__Problem requirements__:
Taking the entries below, transcribe only the lines starting with the one with "Yellow Vintage Rug" and going on through the one with "Wine cheese nuts", exactly as written, without the pictures.

__Material for the task__:
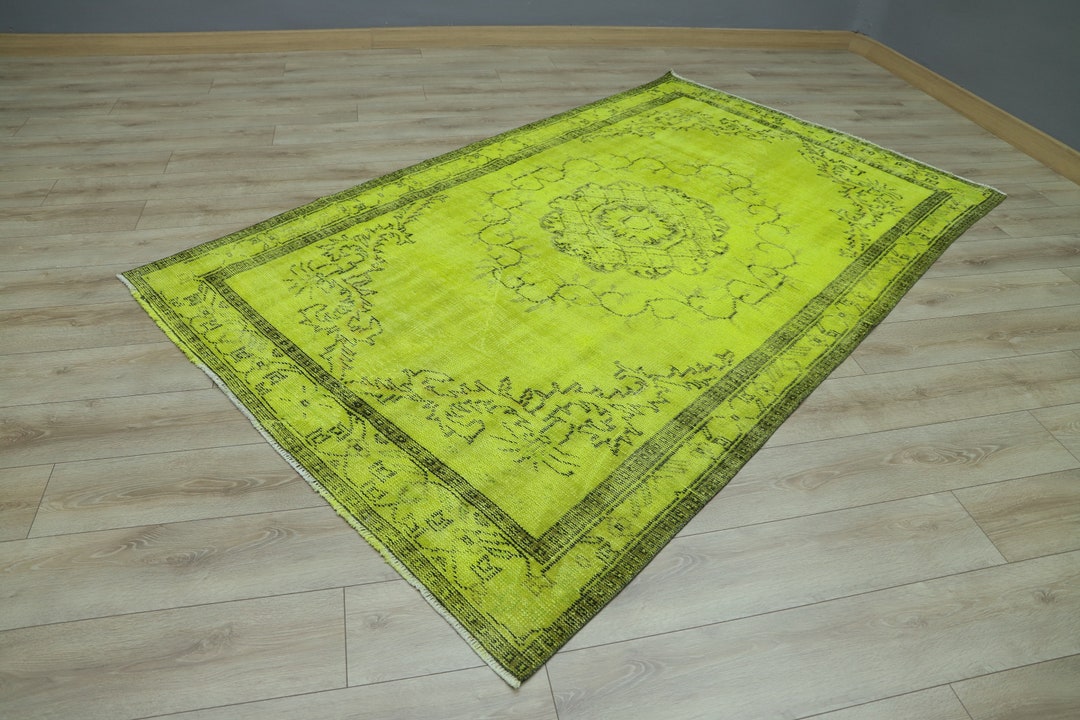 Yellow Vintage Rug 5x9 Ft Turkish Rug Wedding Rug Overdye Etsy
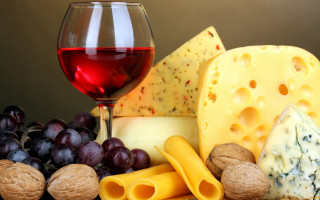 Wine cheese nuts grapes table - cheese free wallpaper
--
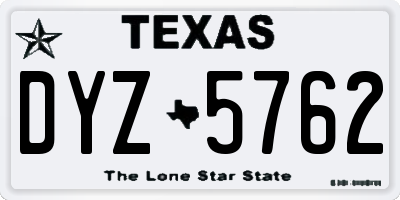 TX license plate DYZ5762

__Completed task__:
 Yellow Vintage Rug 5x9 Ft Turkish Rug Wedding Rug Overdye Etsy
 Wine cheese nuts grapes table - cheese free wallpaper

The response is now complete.